This analysis comes at the expense, in some languages, of postulating either a single nasal consonant that can only be syllabic, or a larger set of nasal vowels than oral vowels, both typologically odd situations. The way such a situation could develop is illustrated by a Jukunoid language, Wukari. Wukari allows oral vowels in syllables like ba, mba and nasal vowels in bã, mã, suggesting that nasals become prenasalized stops before oral vowels. Historically, however, *mb became **mm before nasal vowels, and then reduced to *m, leaving the current asymmetric distribution.[6]

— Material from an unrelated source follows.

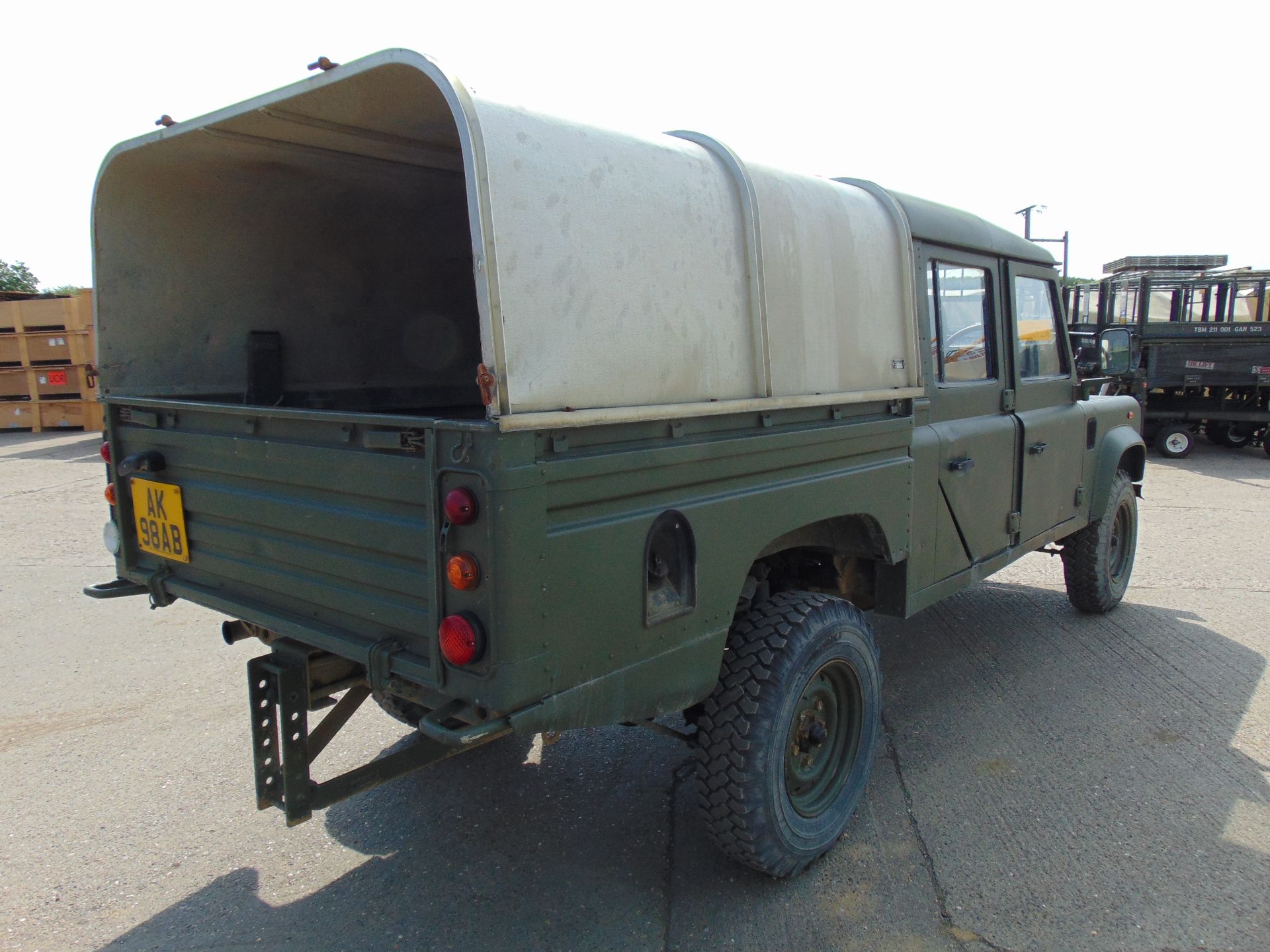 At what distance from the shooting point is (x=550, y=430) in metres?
2.12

In older speakers of the Tlingit language, [l] and [n] are allophones. Tlingit is usually described as having an unusual, perhaps unique lack of /l/ despite having five lateral obstruents; the older generation could be argued to have /l/ but at the expense of having no nasals.[citation needed]

Lack of phonetic nasals

Several of languages surrounding Puget Sound, such as Quileute (Chimakuan family), Lushootseed (Salishan family), and Makah (Wakashan family), are truly without any nasalization whatsoever, in consonants or vowels, except in special speech registers such as baby talk or the archaic speech of mythological figures (and perhaps not even that in the case of Quileute). This is an areal feature, only a few hundred years old, where nasals became voiced stops ([m] became [b], etc.) after colonial contact. For example, "Snohomish" is currently pronounced sdohobish, but was transcribed with nasals in the first English-language records.[citation needed]

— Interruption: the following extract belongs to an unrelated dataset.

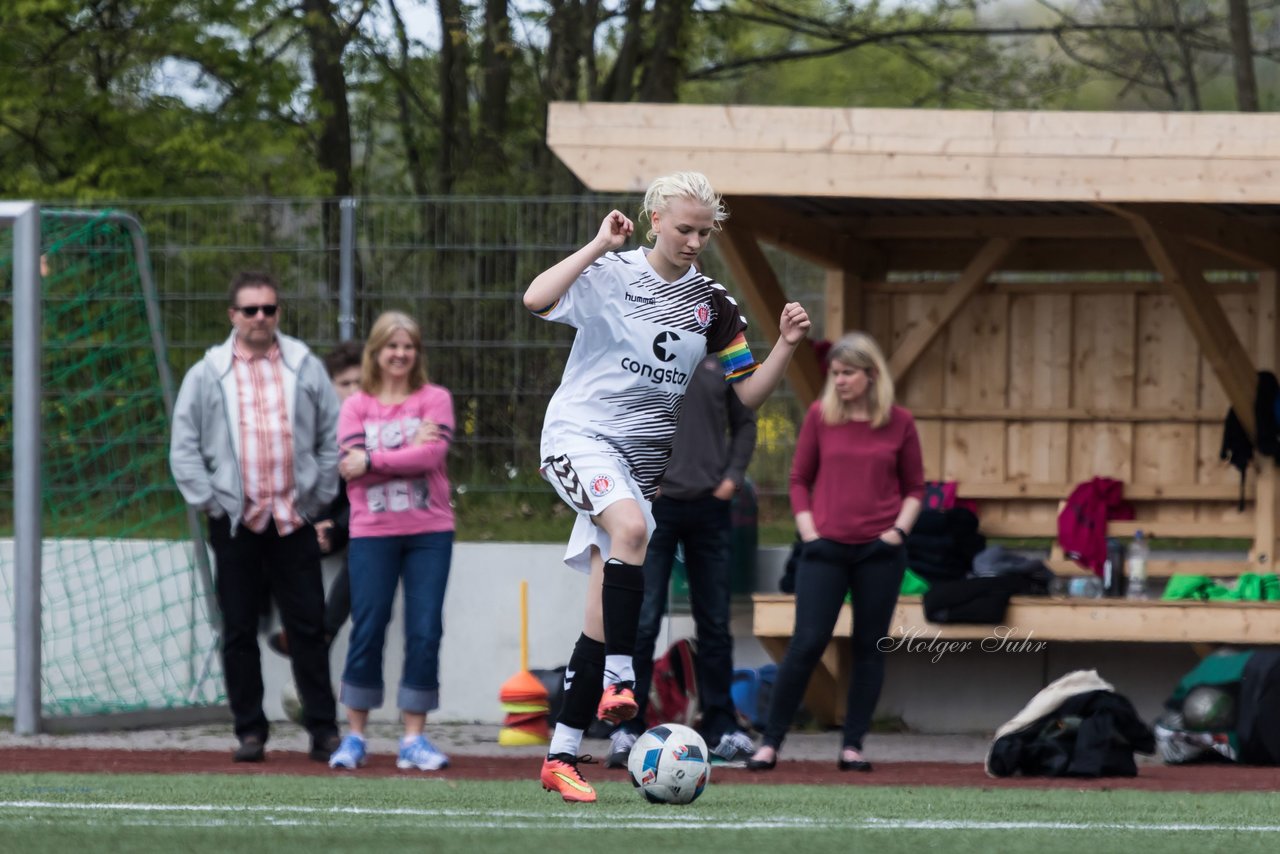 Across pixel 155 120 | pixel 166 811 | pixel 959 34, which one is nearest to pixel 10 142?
pixel 155 120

The only other places in the world where this is known to occur are in Melanesia. In the central dialect of the Rotokas language of Bougainville Island, nasals are only used when imitating foreign accents. (A second dialect has a series of nasals.) The Lakes Plain languages of West Irian are similar.

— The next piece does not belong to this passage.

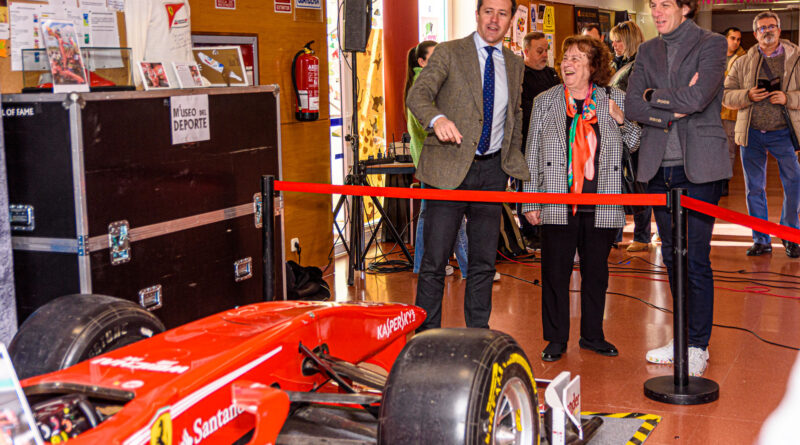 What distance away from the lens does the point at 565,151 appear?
4.00 metres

The unconditioned loss of nasals, as in Puget Sound, is unusual. However, currently in Korean, word-initial /m/ and /n/ are shifting to [b] and [d]. This started out in nonstandard dialects and was restricted to the beginning of prosodic units (a common position for fortition), but has expanded to many speakers of the standard language to the beginnings of common words even within prosodic units.[7]

See also

Notes

  1. ^ These languages lie in a band from western Liberia to southeastern Nigeria, and north to southern Burkina Faso. They include:
    • Liberia: Kpelle (Mande); Grebo, Klao (Kru)
    • Burkina Faso: Bwamu (Gur)
    • Ivory Coast: Dan, Guro-Yaoure, Wan-Mwan, Gban/Gagu, Tura (Mande); Senadi/Senufo (Gur); Nyabwa, Wè (Kru); Ebrié, Avikam, Abure (Kwa)
    • Ghana: Abron, Akan, Ewe (Kwa)
    • Benin: Gen, Fon (Kwa)
    • Nigeria: Mbaise Igbo, Ikwere (Igboid)
    • CAR: Yakoma (Ubangi)
    (Heine & Nurse, eds, 2008, A Linguistic Geography of Africa, p.46)

References

  1. ^ Coloma, Germán (2018), "Argentine Spanish" (PDF), Journal of the International Phonetic Association, 48 (2): 243–250, doi:10.1017/S0025100317000275, S2CID 232345835
  2. ^ "Yanuyuwa".
  3. ^ Ladefoged, Peter; Maddieson, Ian (1996). The Sounds of the World's Languages. Oxford: Blackwell. p. 102. ISBN 978-0-631-19815-4.
  4. ^ Maddieson, Ian. 2008. Absence of Common Consonants. In: Haspelmath, Martin & Dryer, Matthew S. & Gil, David & Comrie, Bernard (eds.) The World Atlas of Language Structures Online. Munich: Max Planck Digital Library, chapter 18. Available online at http://wals.info/feature/18 2009-06-01 at the Wayback Machine. Accessed on 2008-09-15.
  5. ^ As noted by Kay Williamson (1989:24).
  6. ^ Larry Hyman, 1975. "Nasal states and nasal processes." In Nasalfest: Papers from a Symposium on Nasals and Nasalization, pp. 249–264
  7. ^ Yoshida, Kenji, 2008. "Phonetic implementation of Korean 'denasalization' and its variation related to prosody". IULC Working Papers, vol. 6.

Bibliography

  • Ferguson (1963) 'Assumptions about nasals', in Greenberg (ed.) Universals of Language, pp. 50–60.
  • Saout, J. le (1973) 'Languages sans consonnes nasales', Annales de l Université d'Abidjan, H, 6, 1, 179–205.
  • Williamson, Kay (1989) 'Niger–Congo overview', in Bendor-Samuel & Hartell (eds.) The Niger–Congo Languages, 3–45.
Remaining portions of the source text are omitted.